My brother's wife, Jacki, has been quite ill lately. I asked him to write an explanation of her problems for all the family members to read. His sent me the following:
I wanted to give you a concise explanation of what Jacki faces in the near future with her medical condition. As you know, 2007 was an extremely difficult year for her. It began with a virus in late January or early February. During the winter and early spring, she was repeatedly hospitalized. At one point, she had to be flown by air ambulance to the Mayo Clinic for emergency treatment. While in the hospital, she suffered a fall and had a skull fracture. As the treatment continued, it was determined that she had developed thrombocytopenia, TTP for short. The doctors believed that one cause might be the failing kidney, and they removed it. The TTP continued. At one point, the TTP got so bad, coupled with her high blood pressure, that she had several seizures.

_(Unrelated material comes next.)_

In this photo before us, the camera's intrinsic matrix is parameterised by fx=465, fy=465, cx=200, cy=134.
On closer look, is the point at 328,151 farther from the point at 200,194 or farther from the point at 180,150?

TTP is a blood condition that results in the destruction of the platelets in the blood and dangerous clotting. The next treatment for the TTP was to remove her blood several times a week and completely replace the platelets. Each treatment lasts four hours. This is on top of dialysis three times a week to clean the blood. Throughout most of the summer she had five or six four-hour treatments per week.

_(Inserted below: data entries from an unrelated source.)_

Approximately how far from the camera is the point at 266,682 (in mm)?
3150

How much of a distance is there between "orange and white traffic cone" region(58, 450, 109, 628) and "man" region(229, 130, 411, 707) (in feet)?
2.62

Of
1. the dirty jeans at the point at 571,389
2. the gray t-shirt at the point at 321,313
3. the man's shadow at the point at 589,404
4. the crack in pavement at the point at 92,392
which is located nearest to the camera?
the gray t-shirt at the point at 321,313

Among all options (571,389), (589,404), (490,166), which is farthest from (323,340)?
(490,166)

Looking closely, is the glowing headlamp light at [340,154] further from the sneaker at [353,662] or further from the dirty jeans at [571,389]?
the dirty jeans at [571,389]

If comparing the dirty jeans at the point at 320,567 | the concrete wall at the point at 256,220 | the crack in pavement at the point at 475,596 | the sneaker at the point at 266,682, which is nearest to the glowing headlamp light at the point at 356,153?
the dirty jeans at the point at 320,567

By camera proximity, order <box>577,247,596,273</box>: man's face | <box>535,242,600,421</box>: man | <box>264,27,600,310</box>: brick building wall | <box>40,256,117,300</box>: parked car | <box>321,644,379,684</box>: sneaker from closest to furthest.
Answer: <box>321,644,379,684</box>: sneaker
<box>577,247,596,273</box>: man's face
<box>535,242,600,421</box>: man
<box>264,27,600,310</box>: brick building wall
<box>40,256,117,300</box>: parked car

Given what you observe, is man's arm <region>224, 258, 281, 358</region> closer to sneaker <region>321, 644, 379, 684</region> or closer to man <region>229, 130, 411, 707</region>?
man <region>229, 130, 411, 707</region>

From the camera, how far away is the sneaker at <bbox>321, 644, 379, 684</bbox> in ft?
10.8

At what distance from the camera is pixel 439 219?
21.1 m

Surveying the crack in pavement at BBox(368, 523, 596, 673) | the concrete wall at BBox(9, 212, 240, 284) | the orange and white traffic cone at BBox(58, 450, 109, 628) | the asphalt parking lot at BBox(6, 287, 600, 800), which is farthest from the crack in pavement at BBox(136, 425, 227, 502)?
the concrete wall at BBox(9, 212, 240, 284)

When we went back to the Mayo Clinic in September, the kidney transplant unit said that they would not do another transplant until the TTP was in remission for six months. During the fall, she continued the treatments to get the TTP in remission. Unfortunately, when we went for a review in January, they said that all of the treatments were accomplishing nothing and no remission was in sight. The hemotologist at the Mayo Clinic said that only one further plan was possible and that was to remove the spleen. However, there are enormous risks involved. The surgery is relatively simple, but the consequences are dangerous. Removal of the spleen may cause the TTP to run wild. It may cause the blood to clot uncontrollably, with the danger of heart attack or stroke. It may cause the blood not to clot and she could bleed to death. At one point, the doctor said that there was only a 50-50 chance of survival (though later he changed that to 60-40). Even if she survives, there is only a 50-50 chance that it will cause the TTP to go into remission. Because this is the only chance for Jacki to get rid of the TTP and be eligible for a transplant, she has elected to go through with the high-risk surgery. We will travel to the Mayo Clinic next week for surgery on the 31st. Each of our children will fly to Rochester for the surgery. With a little luck and everyone's prayers, we will find success. We will keep everyone updated. Joseph
The picture is one taken at Thanksgiving of Joe and Jacki with their son, their son's little girl, Isabela, and their daughter. Their younger son must have been taking the picture.